The first inkling Yuri had that anything was wrong was the moment when, out of his peripheral vision, he noticed Flynn doubled over, clutching at the hilt of a sword embedded in his chest.

They'd stormed the fort, just as planned; Flynn and Yuri may have been forty-five years old, but they were still an extremely formidable duo. They'd offered to go the deepest into the fortress alone to try and exterminate the soldiers from the heart of their camp, driving them outwards so they would send for reinforcements.

There, they'd be ambushed. The rest of Brave Vesperia, plus Estelle (who had _insisted _on coming along despite what her husband said about keeping her safe), would ambush them from the various hallways—and eventually make their way to meet Flynn and Yuri in the center. Raven had been the one to insist that they retrieve them rather than merely wait for their return, though Karol was very quick to approve.

But everything was taking much, much longer than expected, and no matter how much Yuri denied it, he and Flynn certainly weren't as young as they used to be. An entire roomful of soldiers _plus_ a skilled general previously under Flynn's personal training was too much for only two men to face, even seasoned warriors.

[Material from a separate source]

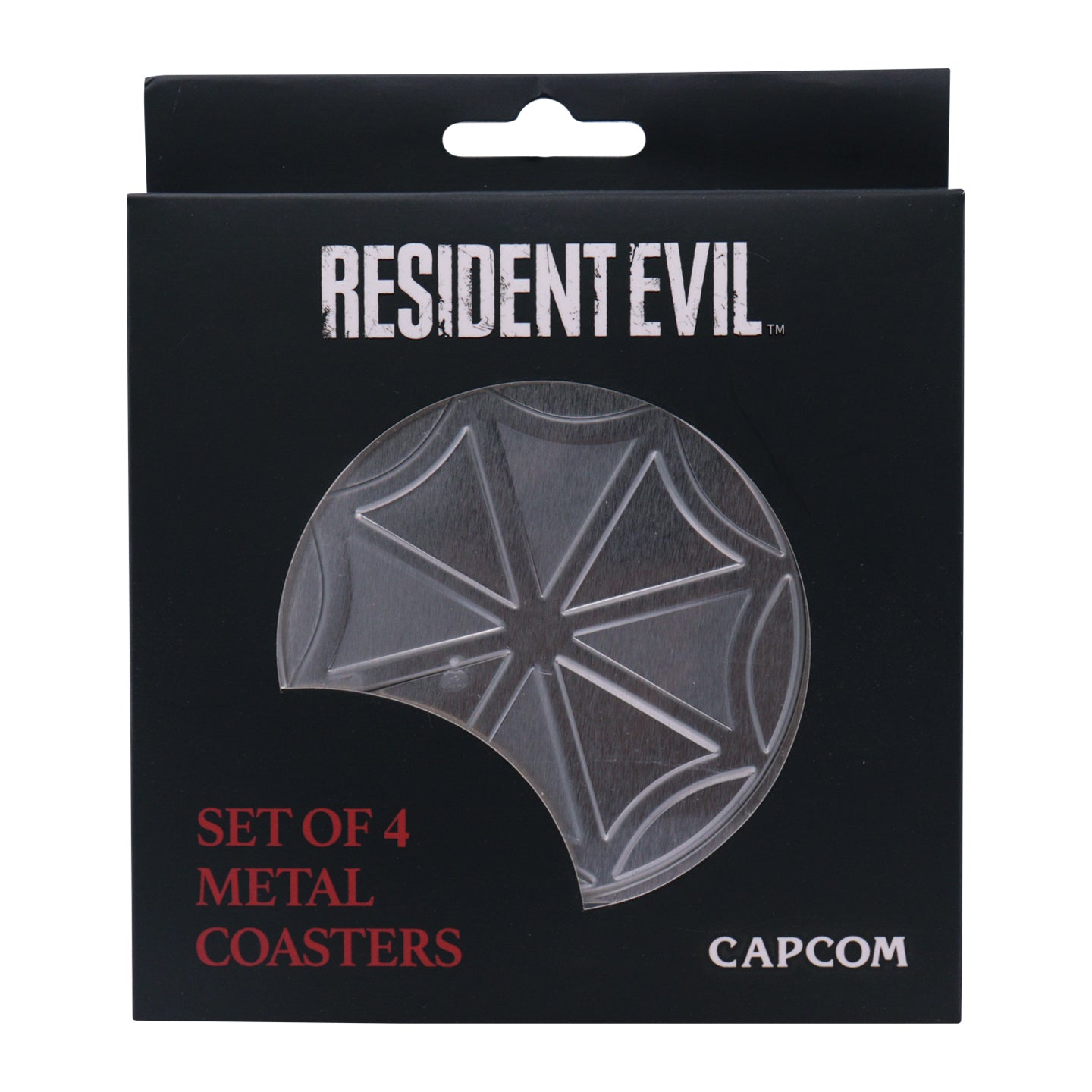 Resident Evil Set of 4 Embossed Metal Coasters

Yuri's world cracked and then shattered the second that blade made its way out his best friend's back. How dare these soldiers reject the Commandant they had followed over decades! How dare they threaten the safety of Estelle's empire! They had assassinated Ioder, threatened Estelle, and now stabbed Flynn—and with that, they had gone _too far_.

"O brilliant blade of coldest steel," snarled Yuri, his sword practically glowing with his desire to destroy every single traitor among this group, and fierce pride surged through him, bringing energy to his limbs, as the soldiers backed away uncertainly. Distance wasn't going to save them.

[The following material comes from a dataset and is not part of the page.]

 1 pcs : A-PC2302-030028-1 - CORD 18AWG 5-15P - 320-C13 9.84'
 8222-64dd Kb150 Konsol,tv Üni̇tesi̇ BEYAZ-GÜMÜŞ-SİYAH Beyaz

"Rend the infinite darkness, and crush my enemies to nothing!" bellowed Yuri, charging towards the soldiers, and slashing blindly through their midst: several screamed and fell, and he savored every shriek. "_Savage Wolf Fury_!" he roared, and plunged his sword through the final soldier's torso, ripping it out a moment later and surveying his handiwork with vicious pleasure.

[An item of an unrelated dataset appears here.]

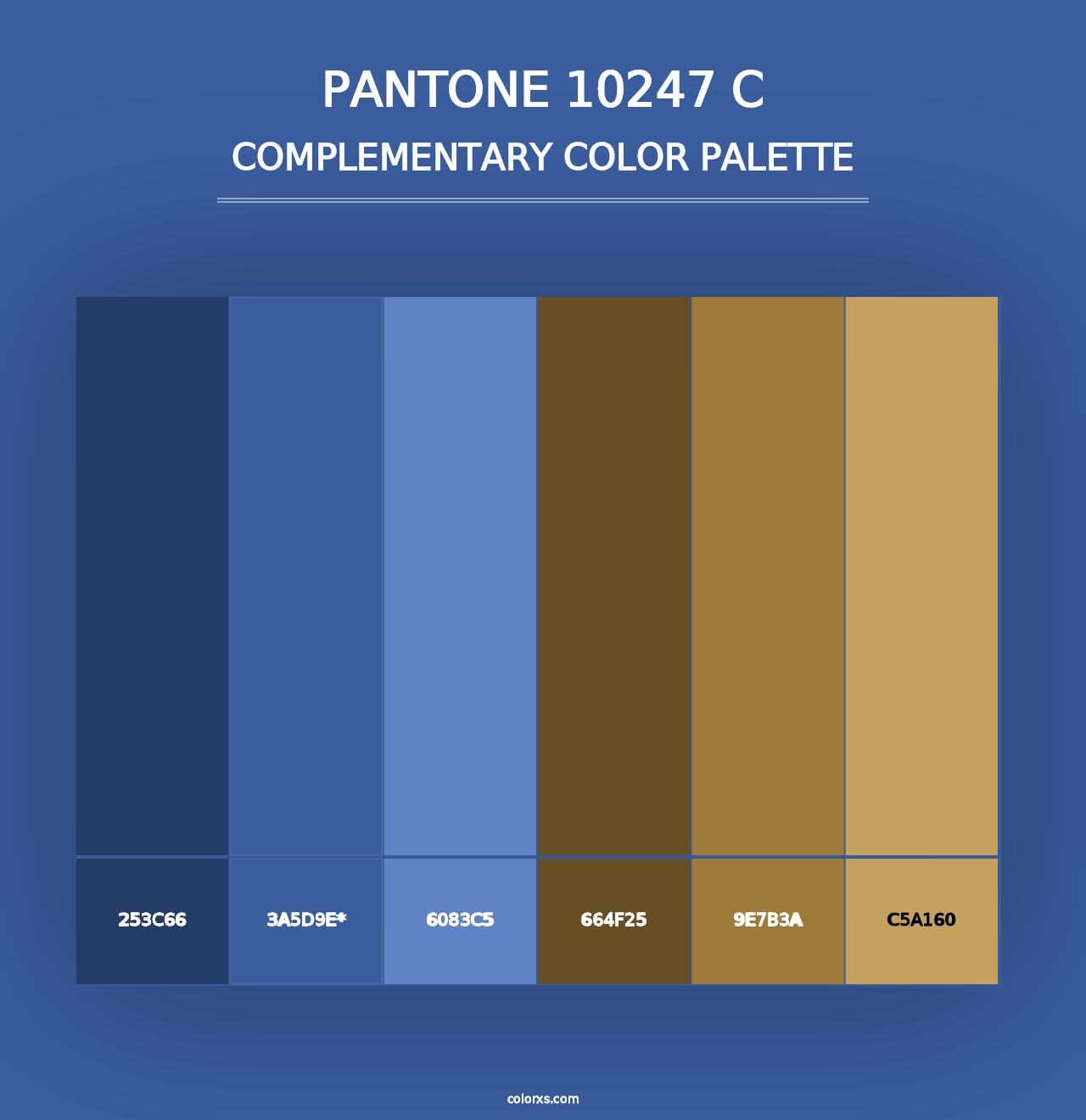 PANTONE 10247 C - Complementary Color Palette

A muffled sound pulled Yuri abruptly back to what had caused his rampage to begin with, and he sheathed his sword and turned around to see that Flynn had sunk to one knee—swaying a little, but oddly graceful in his pain. Forcing himself to walk forward and ignore the blade protruding from under his cape, Yuri knelt by his friend.

"We'll get Estelle," said Yuri desperately, gripping Flynn's shoulders tightly, his knuckles white. No way in hell was he going to lose his best friend of forty years to a single stupid soldier, especially after their (narrow) victory over the general himself. "Damn it, Flynn!" growled Yuri a moment later, leaning his forehead against his friend's in furious despair.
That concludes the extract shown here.